Bei all den wichtigen Zielen dieser Entwicklung: Lassen wir die Studierenden damit nicht auch ein Stück weit ins offene Messer laufen, wenn sie mit hehren Nachhaltigkeitszielen im Kopf von der Uni kommen und dann mit der Wirklichkeit im Baugeschehen konfrontiert sind? Steckt dahinter die Vorstellung, dass die Studierenden durch ihre im Studium gewonnenen Überzeugungen darauf Einfluss nehmen können?
Bestenfalls ja. Denn hoffentlich werden diese Studierenden dort Jobs annehmen, wo sie sich auch mit ihren Überzeugungen wiederfinden. Auch wir spüren in unserem Büro, dass Berufsstarter beispielsweise ganz dezidiert nach dem Anteil von Neubauten und Umbauten in unserer Praxis fragen. Es herrscht noch immer Fachkräftemangel und vielleicht wird das eine oder andere Büro seinen Kurs ändern, um gute Mitarbeiter zu bekommen.

Gilt das auch, wenn die Baukonjunktur einbricht?
Dann könnte man wiederum die Hoffnung haben, dass Umbaumaßnahmen interessanter werden als große Neubauvorhaben, weil sie weniger aufwendig sind.

Braucht es in der Lehre nicht auch eine bessere Schulung hinsichtlich kommunikativer, argumentativer Fähigkeiten gegenüber der Bauherrschaft, um diese vom Erhalt und vom Umbau zu überzeugen?
Auch in diese Richtung wird diskutiert: Benötigen wir nicht eine Vertiefung im Master, um zu lernen, wie man moderiert, wie man Prozesse strukturiert und wie man eine Prozessgestaltung überhaupt angeht. Damit man solche Projekte wie das Haus der Statistik in Berlin überhaupt begleiten kann. Bislang machen das oft Leute, die sich das selbst beigebracht haben.

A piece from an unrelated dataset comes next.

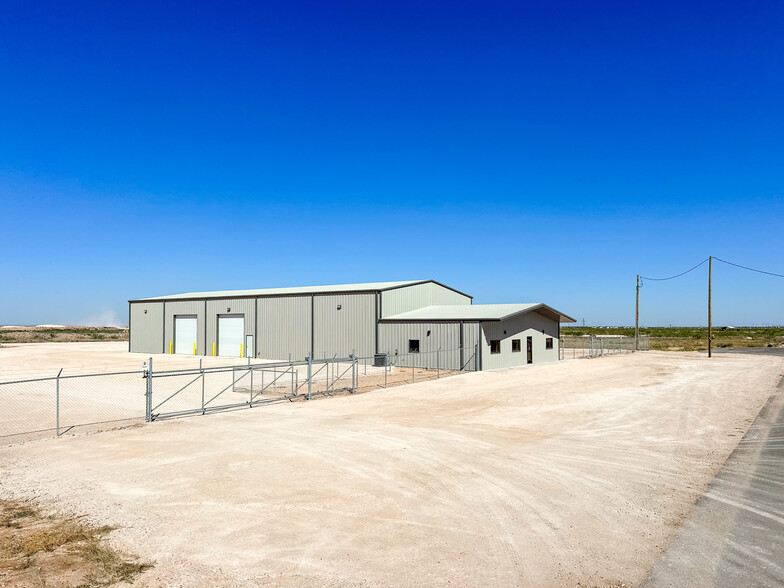 9518 County Road 77, Midland, TX for rent - Building Photo - Image 1 of 15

Sollten Studierende nicht auch zum Aktivismus angeregt werden?
Ich würde da eher die Prozessqualitäten im Vordergrund sehen. Es ist zwar ein alter Hut: Wenn der Prozess gut ist, wird auch das Ergebnis gut, sagt man immer… Aber wenn man lange Zeit in dem Job arbeitet, dann bestätigt sich das. Und gewiss lässt sich auch hier ein gewisses Handwerkszeug erlernen, damit man größere Überzeugungskraft hat.

Die Zusammenarbeit mit anderen Fachdisziplinen spielt eine immer größere Rolle. Verändert sich dadurch die Rolle von Architektinnen und Architekten als Steuernde?
Ich denke, das wird sich nicht verändern. Nur, dass nun noch mehr Leute im Orchester sitzen. Es bleibt immer wichtig, dass Architektinnen und Architekten über die Komplexität des Prozesses hinweg im Auge behalten, wo es hingehen soll.